Se titulan moléculas pequeñas, agentes biológicos o sustancias para control positivo (por ejemplo, Arsénico 03) a través de la placa de 96 pozos y se incuba con las lt-HSC para plazos que van desde 24 hasta 72 horas, o más largos, si se requiere y como se determinó con base en los agentes o moléculas que van a ser analizadas. Después de la incubación, se lava las células con PBS y se resuspenden en PBS para almacenamiento durante la noche a 80°C para lisar las células. Se descongelan luego las células a temperatura ambiente y se centrifugan las placas durante 10 min a 3.000 rpm. Se transfiere luego el sobrante a una nueva placa de 96 pozos y se mezcla con tetrametilbencidina (TMB) durante 40 min. Se detiene en la redacción con H2SO4 4 N y se lee la O.D. a 450 nm. Este tipo de ensayo de alto rendimiento puede ser utilizado para analizar moléculas pequeñas o agentes biológicos por la habilidad para inducir o bloquear la diferenciación de las HSC transformadas en forma condicional a largo plazo en una amplia variedad de tipos de células. Los resultados de estas selecciones pueden ser luego analizados aisladamente por la habilidad para inducir o inhibir la diferenciación de HSC in vivo. Las variaciones sobre este formato de ensayo serán evidentes para aquellos capacitados en el arte y están abarcados por la presente invención.
El siguiente ejemplo describe el uso del método de la invención para generar líneas de células de un linaje hematopoyético intermedio.

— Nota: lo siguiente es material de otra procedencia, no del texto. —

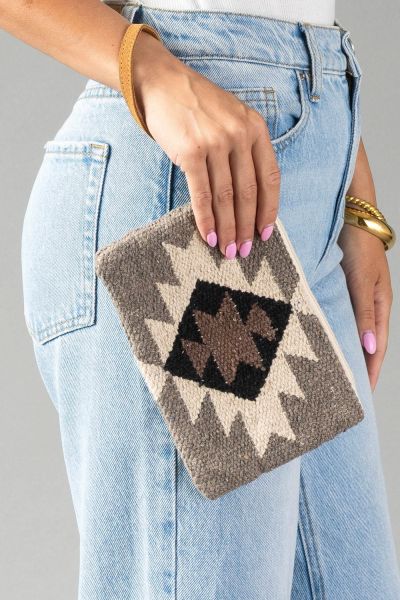 WOVEN-1078-TAUPE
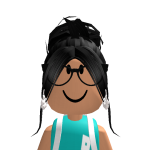 @7xleozz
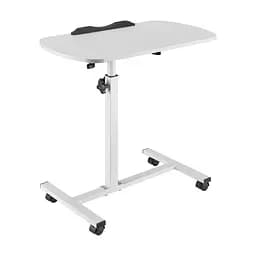 Мобильный столик с регулировкой высоты ITech TS-9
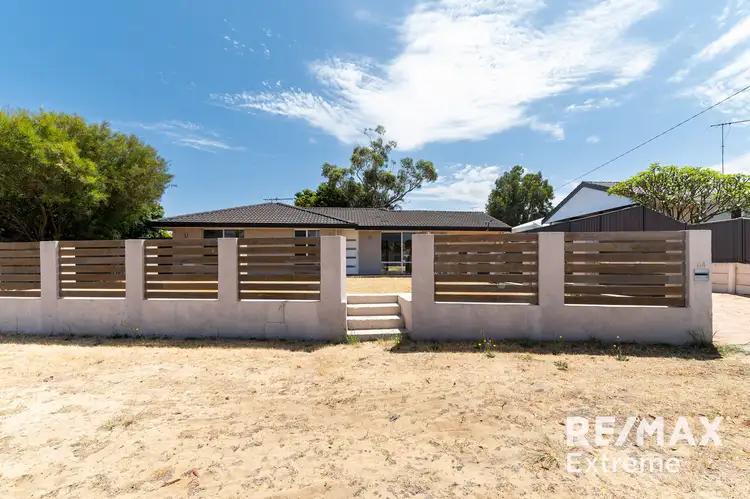 Second view of Homely house listing, 114 Conidae Drive, Heathridge WA 6027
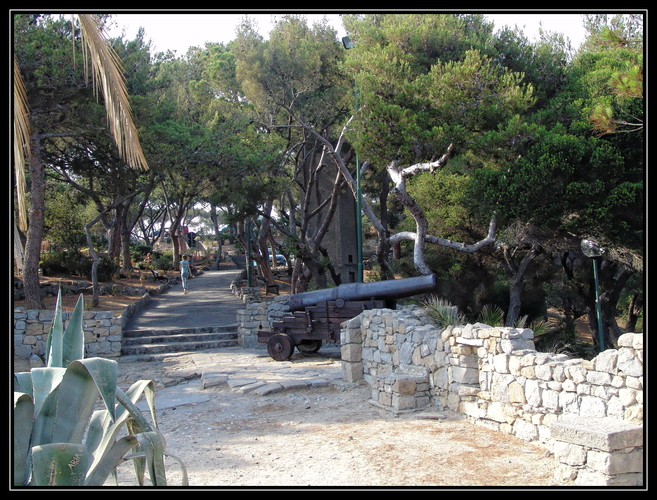 DSC05470 San Remo 0118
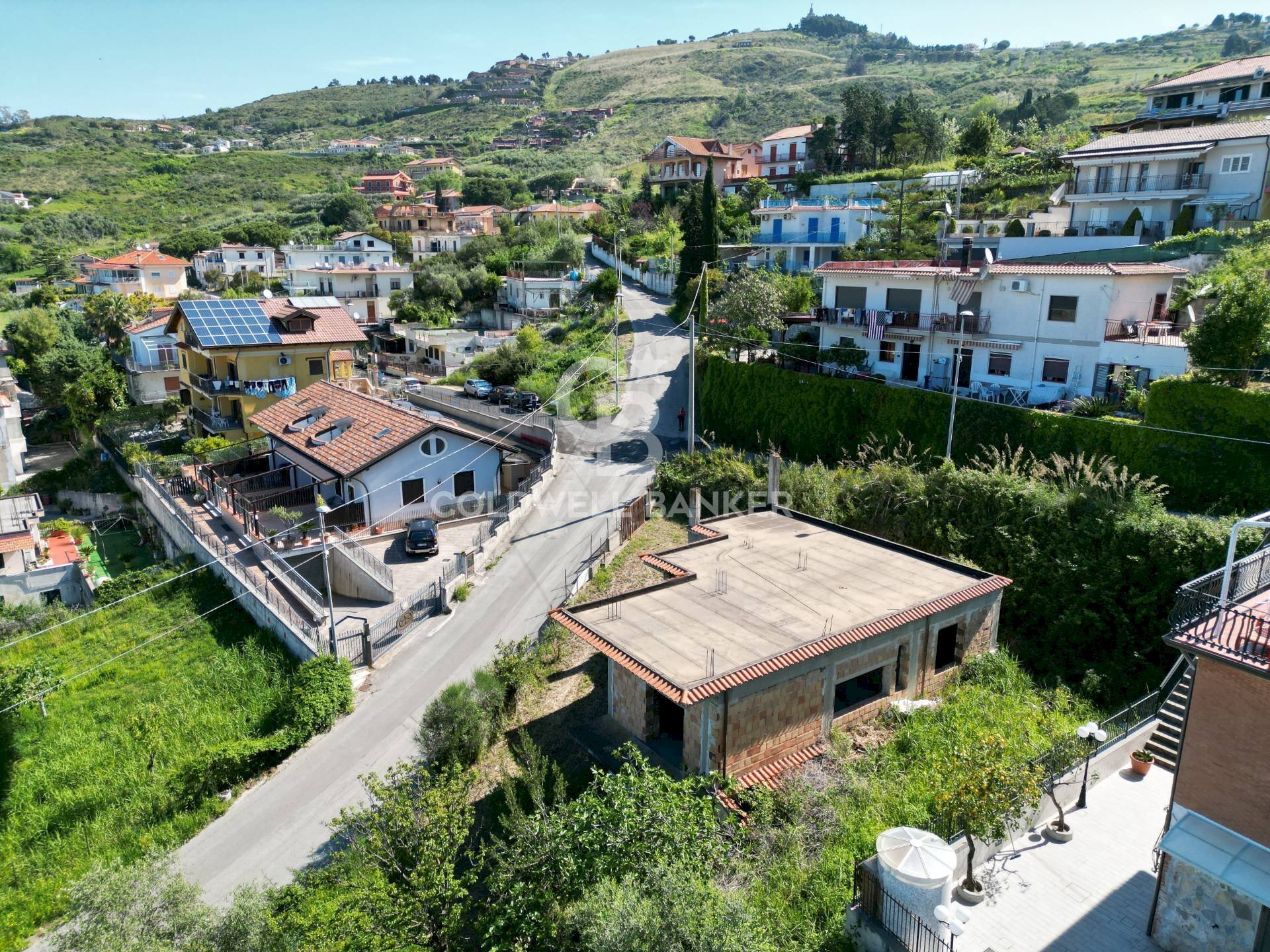 Foto 2 - Casa indipendente Salita degli Ulivi
 
snc, Agropoli - foto 2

El siguiente protocolo puede ser utilizado para inducir el desarrollo de líneas de células que representan etapas intermedias del desarrollo del linaje hematopoyético después de trasplantación de líneas de células de lt-HSC inmortalizadas en forma condicional en ratones irradiados en forma letal. Primero, se transfieren 103 - 105 líneas de células de lt-HSC transformadas en forma condicional generadas de acuerdo con el método de la invención en cohortes de ratones receptores irradiados en forma letal. Los trasplantes también incluirán 105 Rag-1-/- células como portadoras con el propósito de garantizar la supervivencia inicial de los ratones irradiados. Los ratones son tratados con inyecciones semanales de 1 mg de Tamoxifeno, en forma intraperitoneal, con el propósito de inmortalizar parcialmente células diferenciadas derivadas de las líneas de células lt-HSC transformadas en forma condicional. Se comienza con las inyecciones entre 3 días y 1 semana después del trasplante inicial, u 8 semanas después del trasplante, una vez que los ratones han sido completamente restituidos por las líneas de células lt-HSC transformadas en forma condicional. Se recolectan las células del bazo y células de la médula ósea de ratones tres días después del tratamiento con Tamoxifeno, o un cuando ellos muestran signos clínicos asociados con leucemias. Las células son cultivadas ya sea en condiciones estándar de cultivo de médula ósea con 4-OHT (DMEM, suero de ternera fetal al 15%, penicilina/estreptomicina, L-glutamina, aminoácidos no esenciales, IL-3, IL-6 y SCF), o en presencia de otras citoquinas y medio utilizado para diferentes tipos de células hematopoyéticas. Las líneas de células son congeladas y/o expandidas, y las líneas de células son también clonadas a partir de una célula única por medio de dilución limitante y definidas por medio de amplificación por PCR de integraciones provirales, congeladas, y luego caracterizadas para la expresión del marcador de superficie por medio de citometría de flujo. Estos tipos de aproximaciones son utilizadas tanto para las líneas de células ctlt-HSC humanas como de múrido, utilizando ya sea ratones NOD/SCID como receptores, o ratones Rag-1-/- neonatales, que recibirán inyecciones intrahepáticas.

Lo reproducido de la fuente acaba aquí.